Say What You Mean in Your Will – Because a Court Probably Won’t be Able to Figure it Out for You

Happy New Year!

The necessity for a testator to clearly set out his or her intentions in a will is trite.  As a recent Nova Scotia case points out, if a will does not properly deal with the distribution of assets and the intention of the testator is otherwise unclear, the Courts will not “re-write” a will by inferring how the testator intended to deal with such assets.

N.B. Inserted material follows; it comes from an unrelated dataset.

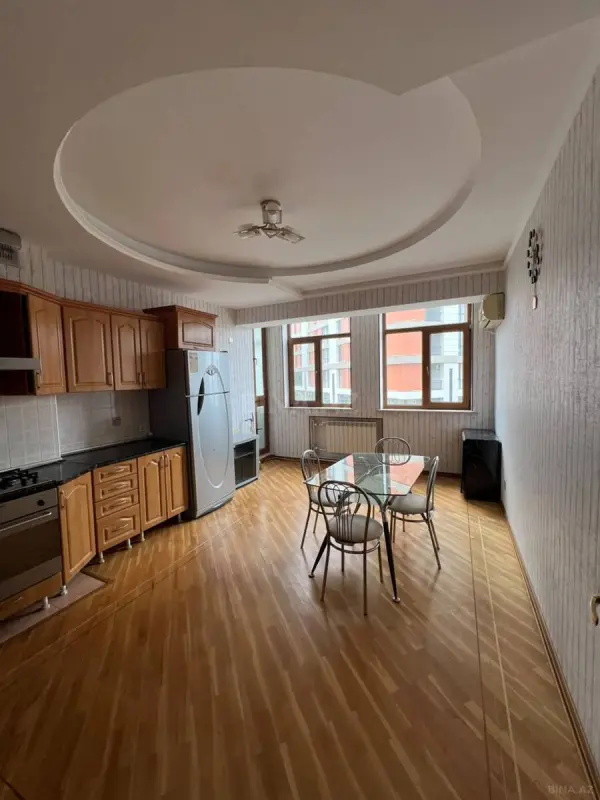 Kirayə verilir 4 otaqlı mənzil 120 m²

In Re Das Estate, the testator devised most of his estate to his wife in trust for her own use in her sole and unfettered discretion.  There was a notable exception though.  An investment account worth almost $1 million was not included in the devise to the wife.  The only provision in the will for that account was that, should the wife not survive the testator by 10 days, the balance of the estate (after a devise to his daughter which again excluded the investment account) was to be distributed to various educational institutions and charities.  The wife did survive the testator by more than 10 days.  So what of the investment account?  On a motion for directions, the Court was asked how it should be disposed of.  Could the Court determine from the will and any admissible extrinsic evidence how the testator intended to deal with the account?  Did he mean to leave it to the wife? – the daughter? – the charities?  Is there an intestacy with respect to the account?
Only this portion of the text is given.